The cost of the quake would run into the millions of dollars, he said.
Wellington Central Labour MP Grant Roberston has already written a letter to the government requesting a business support package for the capital.
Yesterday the government announced a support package for businesses in and around Kaikoura.
Mayor defends decision to re-open CBD
Mr Lester defended the council's decision to re-open the CBD on Tuesday, saying it was made with the best advice staff had from engineers at the time.
Prime Minister John Key and senior government ministers had supported that, he said.
"They're all confident that we are making the right decisions."
Putting a cordon around the entire CBD would affect the 99 percent of buildings that had made it through the earthquake without major problems, he said.
He would meet with engineers later this afternoon to get the latest information.
The Reading Cinema parking building was a priority, he said.
"Within the next 24 hours they will have worked up a plan. There will be a structural repair which will secure the building in the short term. That will allow us to reduce the cordon, and give us time to understand the long-term future of the building."
Other buildings could be in the firing line depending on engineering assessments.
"We want to make sure we weed out those buildings with structural weaknesses in the city - we don't want them in our city in the future, we will make sure where necessary they come down."
As well as the three unsafe buildings, another 16 were on a list of buildings of concern, Mr Lester said.
That number could grow as detailed assessments were done.
GNS seismologist Matt Gerstenberger told the news conference the aftershock sequence in Wellington and elsewhere seemed to be following a fairly normal pattern.
"The number of events are decreasing in time, which means the the probability of further events is also decreasing with time."
The chances of another intense shake were as high as 80 percent close to the site of the original quake, but that decreased to a five to 10 percent probability for Wellington, he said.
Offices and schools take precautions
Housing New Zealand staff in Wellington were told to go home today while more detailed assessments of their central-city building took place.
The owner of the Boulcott Street building arranged for an engineers' inspection following Monday's earthquake.
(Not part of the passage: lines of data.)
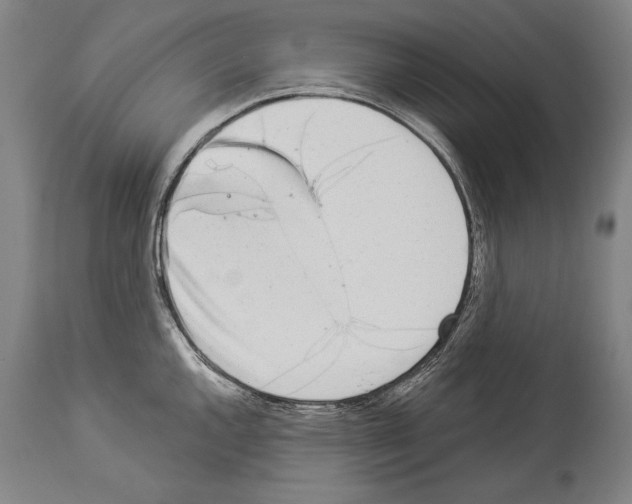 X0000113981144200911131049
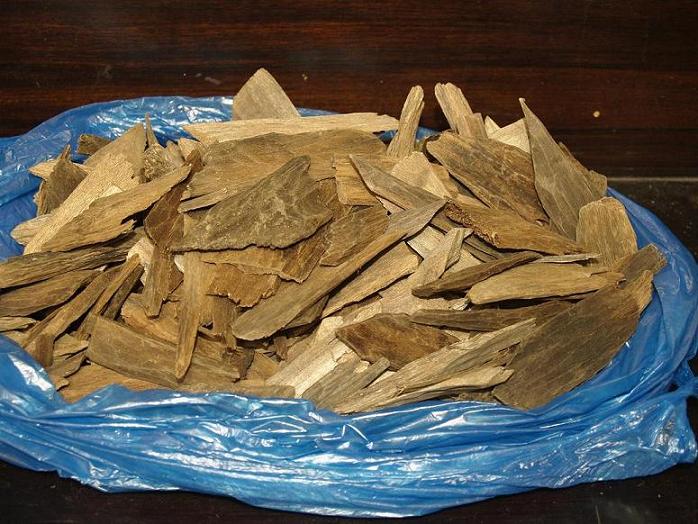 Steam Agarwood (Steam Agarwood)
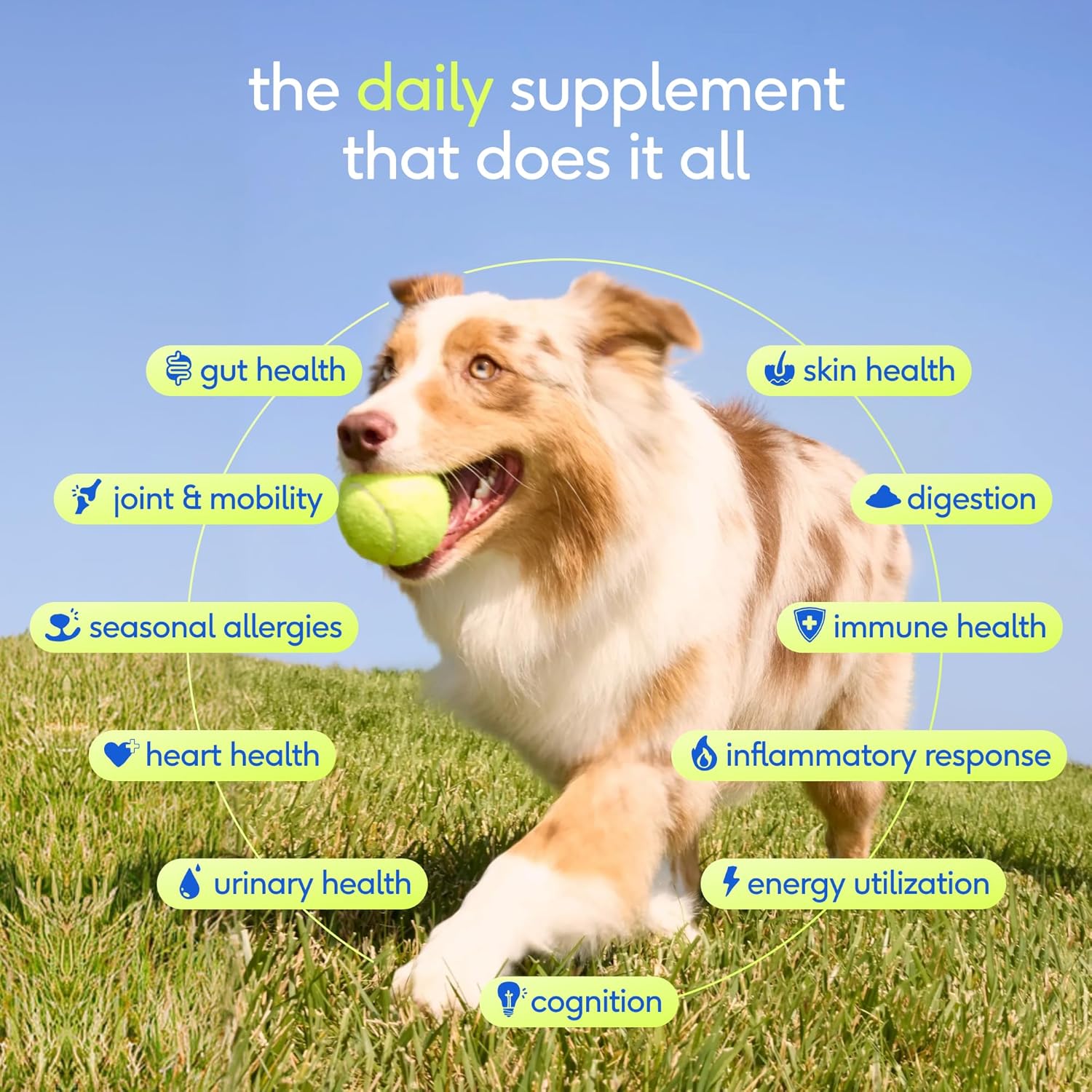 Native Pet The Daily Dog Vitamins & Supplements - 11-in-1 Multivitamin Powder for Dogs - görsel 2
That report came back saying the building was structurally sound.
However, staff noticed a change to the floor angle on Level Nine, which Housing New Zealand reassessed today.
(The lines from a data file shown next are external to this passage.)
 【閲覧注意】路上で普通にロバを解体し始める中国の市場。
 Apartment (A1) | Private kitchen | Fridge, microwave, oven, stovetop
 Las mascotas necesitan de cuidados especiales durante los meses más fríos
Housing New Zealand spokesperson Bryony Hilless said staff had been asked to leave so engineers could carry out a further inspection.
It was unclear whether occupants on other floors had also left.
Wellington Girls College also sent junior students home early because of concerns about stairways. The college said its buildings were safe, but engineers asked it to close two stairwells so they could check cracks.
The school will remain open for exams, but will be closed to juniors on Monday.
Parts of the Queensgate shopping centre in Lower Hutt would also remain off limits, because of damage to its car park.
The mall's property managers said one of the car park buildings had structural damage, which could get worse in a big aftershock. The car park was not in danger of collapse, and engineers had found no structural damage to the retail area.
And BNZ said it still could not put on a date on when workers in its building in Harbour Quays would be allowed back in following the quake.